In principle, the covenant of law is open to anyone prepared to accept its burdens; hence it isn't entirely implausible to say that there is no chosen people, only people who choose. But it would be wrong to claim that the second covenant supersedes the first. Throughout biblical history, the doctrine of adherence is shadowed, and sometimes overshadowed, by the doctrine of kinship, the law by the flesh, choice by chosenness. The ever-renewed hope that God will not abandon a people whose members regularly violate his law rests on the kinship and chosenness model. In the long debate over proselytism, which seems to begin during the Babylonian exile and which continued for many centuries, the advocates of adherence won out in the end, though the victory was something less than decisive: a deep suspicion of converts survived among the members of the covenantal community. Israel's elites prided themselves on their genealogy (until the rabbis, who divided on this issue). The priestly covenant with Aaron and the royal covenant with David are both modeled on God's promise to Abraham: they are covenants of flesh, seed, and generational succession.

The polemical thrust of the book of Ruth is manifest when its heroine, born a Moabite woman, is given a proud place in the lineage of King David. The Deuteronomists, by contrast, stress the necessary kinship of kings: "One from among thy brethren shalt thou set king over thee: thou mayest not set a stranger over thee, which is not thy brother" (17:15). This verse has been compared to the American constitutional rule that presidents must be born, not naturalized, citizens—evidence that the tension of the two covenants is secular as well as religious, modern as well as ancient. I am not sure, however, that the Deuteronomists would have accepted the son, or even the great-grandson, of a "naturalized" Moabite as a legitimate king of Israel. As for priests, their legitimacy depended, according to Leviticus, on direct descent from Aaron. Those who could not prove their descent were disqualified—as in the case of some exiles returning from Babylonia in 538 BCE: "These sought their register among those that were reckoned by genealogy, but they were not found: therefore were they, as polluted, put from the priesthood" (Ezra 2:62).

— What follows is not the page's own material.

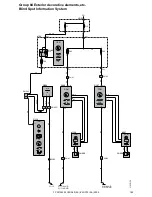 Preview for 180 page of Volvo C30 - ANNEXE 798 Wiring Diagram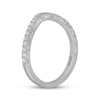 Thumbnail Image 2 of Neil Lane Artistry Heritage Lab-Grown Diamond Contour Anniversary Ring 1/4 ct tw Platinum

The covenant at Sinai, following upon the liberation from Egyptian bondage, was the most important of Israel's covenants, and the biblical writers seem to have had no doubt that it depended on consent, not blood. The laws were binding only because they had been accepted by the people. Rabbinic writers are especially clear on this point, even suggesting in a famous midrash (commentary) that God had offered his covenant to other nations—there is no suggestion of this in the biblical text—who had refused it. Another midrash describes Moses standing before the people, book in hand: "Moses read aloud to the people all of the Torah [the Pentateuch], that they might know exactly what they were taking upon themselves." The crucial conditions of what is today called consent theory are here recognized. Before consent is effective, there must be full knowledge and the possibility of refusal.

But is it really possible to say no to an omnipotent God? A more skeptical and ironic rabbinic story suggests the difficulty. Now God is said to have lifted up the mountain, held it over the heads of the assembled Israelites, and told them: "If you accept the Torah, it is well; otherwise you will find your grave under this mountain." One of the rabbis, a good consent theorist, says of the telling of this story that it is "a great protest against the Torah." Indeed, it makes the Torah into nonbinding law, grounded on force alone, not on commitment. The book of Exodus has nothing to say about these theoretical issues. But it does insist upon the consent of the people and so provides a platform, as it were, for later speculation.

The story is told twice, suggesting that different traditions have been stitched together, but the crucial words appear in each telling: on this question of popular consent, the traditions do not differ. In Exodus 19, Moses delivers a very brief divine message, and then "all the people answered together, and said, All that the Lord hath spoken we will do." In Exodus 24, after a long recital of covenantal obligations, the response is repeated: "All that the Lord hath said will we do, and be obedient." The agreement is wholesale; all the people accept all the laws. There is no record of any debate among the Israelites: this is not a negotiated covenant. I will suggest in the next chapter that the substance of the laws must have been debated, if not on the spot, then over the years, for we have three different legal codes, all said to have been revealed by God at Sinai. They seem in fact to represent successive or competing understandings of what God meant to reveal or of what his revelation could have meant. We have to imagine priests, prophets, and scribes arguing among themselves; otherwise, since God does not change his mind or his laws, the written record makes no sense. And the editors who compiled the last version of the written record must somehow have recognized and accepted this legal pluralism (the term is anachronistic; I will qualify it later).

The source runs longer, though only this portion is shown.